In addition to these 5 general design principles, I’d like to offer two other pieces of advice. First, the immediate reaction that you might encounter when you propose a mass collaboration project is “Nobody would participate.” Of course that might be true. In fact, lack of participation is the biggest risk that mass collaboration projects face. However, this objection usually arises from thinking about the situation in the wrong way. Many people start with themselves and work out: “I’m busy; I wouldn’t do that. And, I don’t know anyone that would do that. So, nobody would do that.” Instead of starting with yourself and working out, however, you should start with the entire population of people connected to the Internet and work in. If only 1-in-a-million of these people participate, then your project could be a success. But, if only 1-in-a-billion people participate, then your project will probably be a failure. Since our intuition is not good at distinguishing between one-in-a-million and one-in-a-billion, we have to acknowledge that it is very hard to know if projects will generate sufficient participation.
To make this a bit more concrete, let’s return to Galaxy Zoo, the human computation astronomy project discussed earlier in this chapter. Imagine Kevin Schawinski and Chris Linton, two astronomers sitting in a pub in Oxford thinking about Galaxy Zoo. They would never have guessed—and never could have guessed—that Aida Berges—a stay-at-home mother of 2 who lives in Puerto Rico—would end up classifying hundreds of galaxies a week (Masters 2009). Or, consider the case of David Baker, the biochemist working in Seattle developing Foldit. He could never have anticipated that someone from McKinney, Texas named Scott “Boots” Zaccanelli, who worked by day as a buyer for a valve factory, would spend his evenings folding proteins, eventually rising to a number 6 ranking on Foldit, and that Zaccaenlli would, through the game, submit a design for a more stable variant of fibronectin that Baker and his group found so promising they decided to synthesize it in their lab (Hand 2010). Of course, Aida Berges and Scott Zaccanelli are atypical, but that is the power of the Internet: with billions of people, it is typical to find the atypical.

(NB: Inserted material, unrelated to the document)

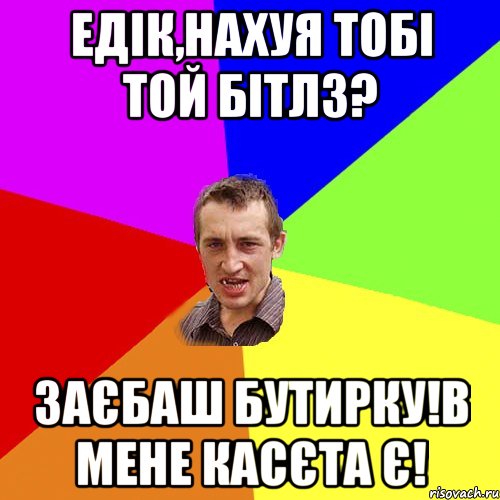 едік,нахуя тобі той бітлз? заєбаш бутирку!в мене касєта є!, Мем Чоткий паца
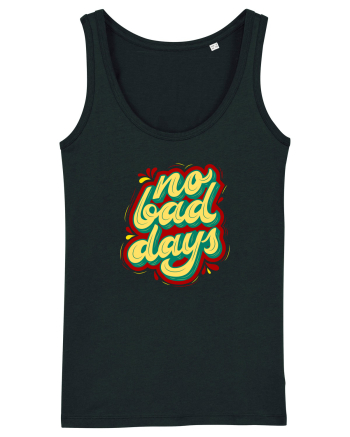 No Bad Days Black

Second, given this difficulty with predicting participation, I’d like remind you that creating a mass collaboration project can be risky. You could invest a lot of effort building a system that nobody will want to use. For example, Edward Castronova—a leading researcher in the field of economics of virtual worlds, armed with a grant of $250,000 from the MacArthur Foundation, and supported by a team of developers—spent nearly two years trying to build a virtual world within which he could conduct economic experiments. In the end, the whole effort was a failure; nobody wanted to use Castonova’s virtual world (Baker 2008).
Given the uncertainty about participation, which is hard to eliminate, I suggest that you try to use lean start-up techniques (Blank 2013): build simple prototypes using off-the-shelf software and see if you can demonstrate viability before investing in lots of custom software development. In other words, when you start pilot testing, your project will not—and should not—look as polished as Galaxy Zoo or eBird. These projects, as they are now, are the results of years of effort by large teams. If your project is going to fail—and that is a real possibility—then you want to fail fast.